Single Degenerate Models for Type Ia Supernovae Progenitor's Evolution and Nucleosythesis Yields

TL;DR

This paper reviews the single degenerate models for Type Ia supernovae, detailing their evolutionary pathways, explosion mechanisms, and nucleosynthesis yields, including the effects of metallicity on element production.

Contribution

It provides a comprehensive overview of the various evolutionary routes leading to Type Ia supernovae in single degenerate systems and updates nucleosynthesis yields for different explosion models.

Findings

Multiple evolutionary pathways to SNe Ia identified.

Updated nucleosynthesis yields for key models provided.

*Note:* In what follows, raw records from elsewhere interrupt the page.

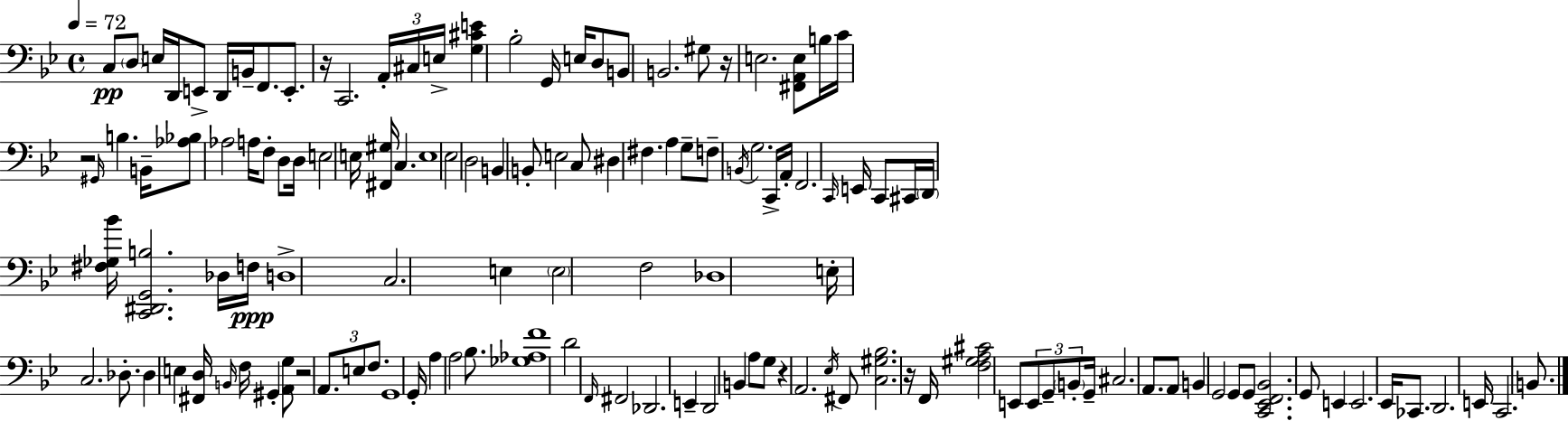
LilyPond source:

{
  \clef bass
  \time 4/4
  \defaultTimeSignature
  \key bes \major
  \tempo 4 = 72
  c8\pp \parenthesize d8 e16 d,16 e,8-> d,16 b,16-- f,8. e,8.-. | r16 c,2. \tuplet 3/2 { a,16-. cis16 e16-> } | <g cis' e'>4 bes2-. g,16 e16 d8 | b,8 b,2. gis8 | \break r16 e2. <fis, a, e>8 b16 | c'16 r2 \grace { gis,16 } b4. | b,16-- <aes bes>8 aes2 a16 f8-. d8 | d16 e2 e16 <fis, gis>16 c4. | \break e1 | ees2 d2 | b,4 b,8-. e2 c8 | dis4 fis4. a4 g8-- | \break f8-- \acciaccatura { b,16 } g2. | c,16-> a,16-. f,2. \grace { c,16 } e,16 | c,8 cis,16 \parenthesize d,16 <fis ges bes'>16 <c, dis, g, b>2. | des16 f16\ppp d1-> | \break c2. e4 | \parenthesize e2 f2 | des1 | e16-. c2. | \break des8.-. des4 e4 <fis, d>16 \grace { b,16 } f16 gis,4-. | <a, g>8 r2 \tuplet 3/2 { a,8. e8 | f8. } g,1 | g,16-. a4 a2 | \break bes8. <ges aes f'>1 | d'2 \grace { f,16 } fis,2 | des,2. | e,4-- d,2 b,4 | \break a8 g8 r4 a,2. | \acciaccatura { ees16 } fis,8 <c gis bes>2. | r16 f,16 <f gis a cis'>2 e,8 | \tuplet 3/2 { e,8 g,8-- \parenthesize b,8-. } g,16-- cis2. | \break a,8. a,8 b,4 g,2 | g,8 g,8 <c, ees, f, bes,>2. | g,8 e,4 e,2. | ees,16 ces,8. d,2. | \break e,16 c,2. | b,8. \bar "|."
}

Metallicity effects on element yields analyzed.

Abstract

(${Abridged~version}$) We review how the single degenerate models for Type Ia supernovae (SNe Ia) works. In the binary star system of a white dwarf (WD) and its non-degenerate companion star, the WD accretes either H-rich matter or He and undergoes H and He shell-burning. We summarize how such shell-burning depend on the accretion rate and the WD mass and how the WD blows strong wind. We identify the following evolutionary routes for the accreting WD to trigger a thermonuclear explosion. With a decreasing rate with time, 5 phases are observed: 1. The WD increases its mass by stable H burning and blows a strong wind, which strips a part of the companion star's envelope to control the accretion rate and forms circumstellar matter (CSM). The WD may explode within CSM as an "SN Ia-CSM". 2. The wind stops and an SN Ia is triggered under steady-stable H shell-burning, which is observed as a super-soft X-ray source: "SN Ia-SSXS". 3. H shell-burning becomes unstable and many flashes recur. The WD undergoes recurrent nova (RN) whose mass ejection is smaller than the accreted matter, evolving to an "SN Ia-RN". 4. If the companion is a He star or WD, the accretion of He can trigger He and C double detonations at the sub-Chandrasekhar (sub-Chand) mass or the WD grows to the Chand mass while producing and He-wind: "SN Ia-He CSM". 5. If the accreting WD rotates rapidly, delayed trigger of an SN Ia beyond standard Chand mass can happen. The (super-Chand) WD contracts to become a delayed SN Ia after losing angular momentum. The companion star has become a He WD and CSM has disappeared: "SN Ia-He WD". We update nucleosynthesis yields of the carbon deflagration model W7, delayed detonation model WDD2, and the sub-Chand mass model to constrain the yields (such as Mn) by comparing the observations. We note the important metallicity effects on $^{58}$Ni and $^{55}$Mn.